- **RECORDS**
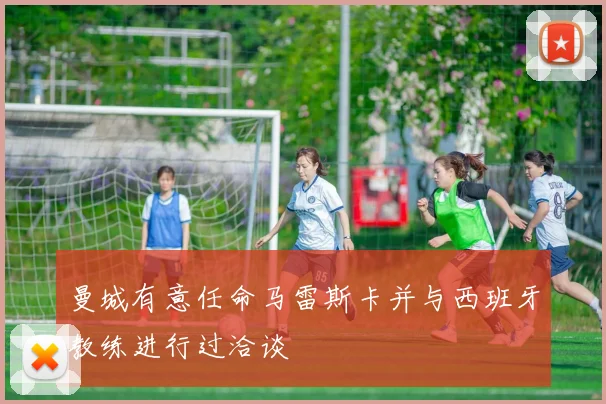 曼城有意任命马雷斯卡并与西班牙教练进行过洽谈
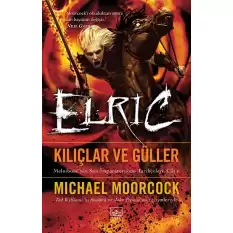 Elric - Kılıçlar ve Güller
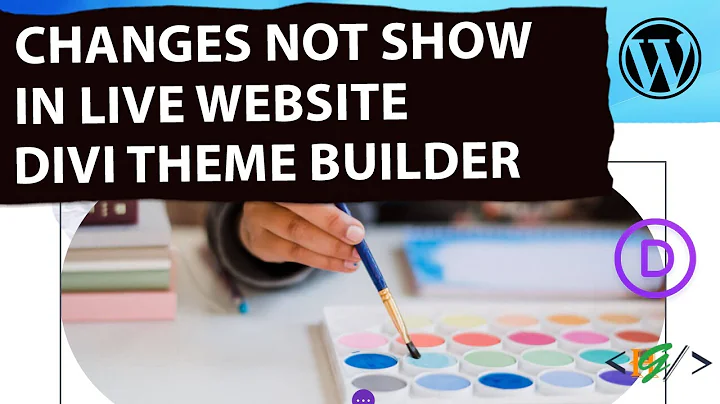 How to Fix Website Changes Not Show in Live Site in Divi Theme Builder in WordPress | Cache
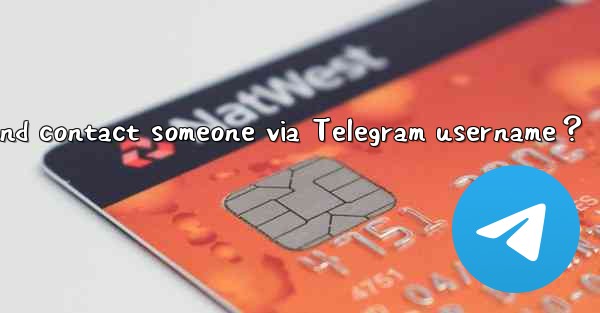 How to search and contact someone via Telegram username？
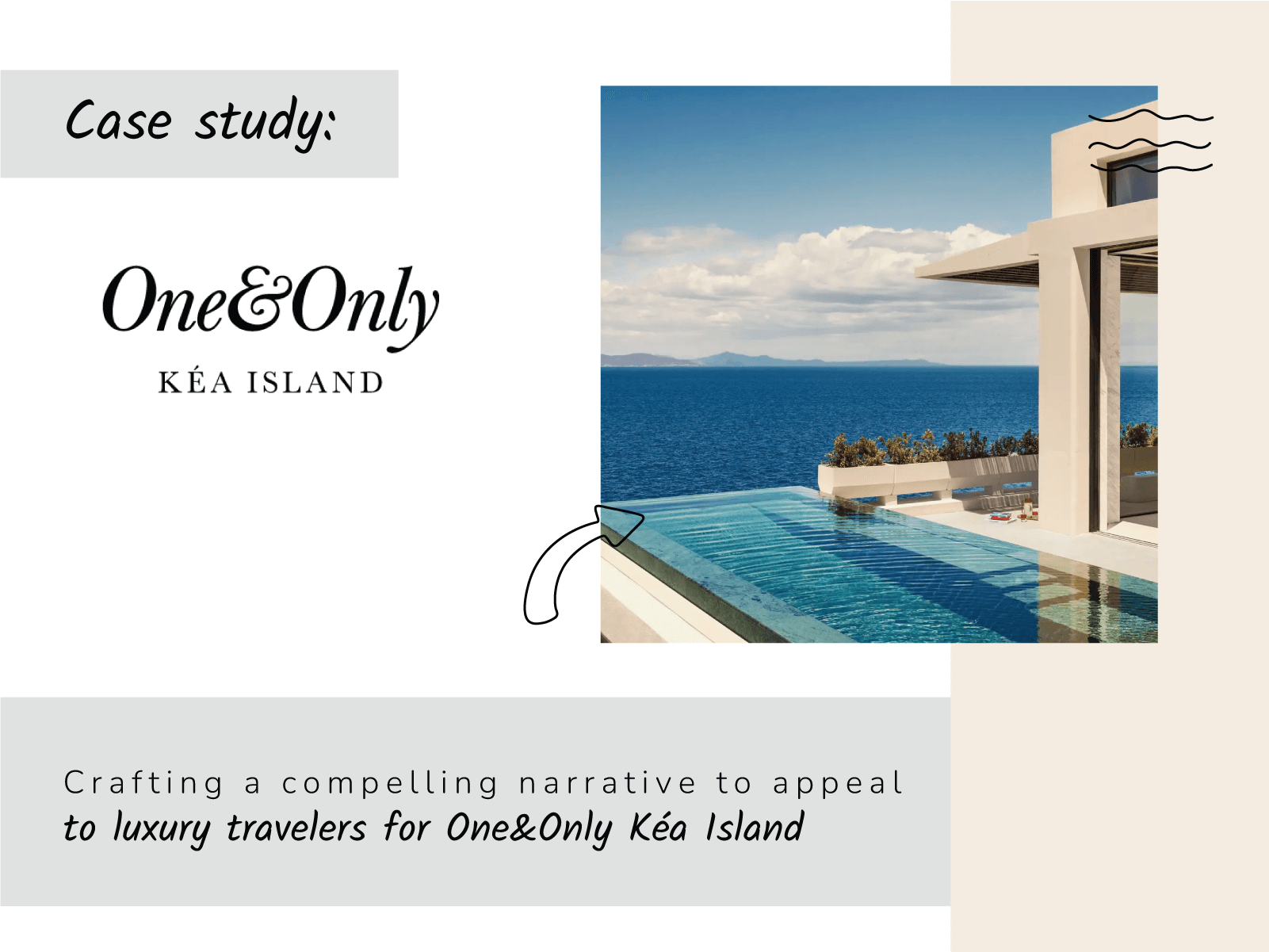 A marketing case study for One&Only Kéa Island. The logo is a sophisticated serif font that reads "One&Only KÉA ISLAND." The photo on the right shows a luxury villa with an infinity pool overlooking the Aegean Sea. The title below reads: "Crafting a compelling narrative to appeal to luxury travelers for One&Only Kéa Island."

- **EXERCISE**
Please output the lines from the line that contains "Elric - Kılıçlar ve Güller" through the end of the records, both ends included, exactly and with no pictures.

- **SOLVED PROBLEM**
 Elric - Kılıçlar ve Güller
 How to Fix Website Changes Not Show in Live Site in Divi Theme Builder in WordPress | Cache
 How to search and contact someone via Telegram username？
 A marketing case study for One&Only Kéa Island. The logo is a sophisticated serif font that reads "One&Only KÉA ISLAND." The photo on the right shows a luxury villa with an infinity pool overlooking the Aegean Sea. The title below reads: "Crafting a compelling narrative to appeal to luxury travelers for One&Only Kéa Island."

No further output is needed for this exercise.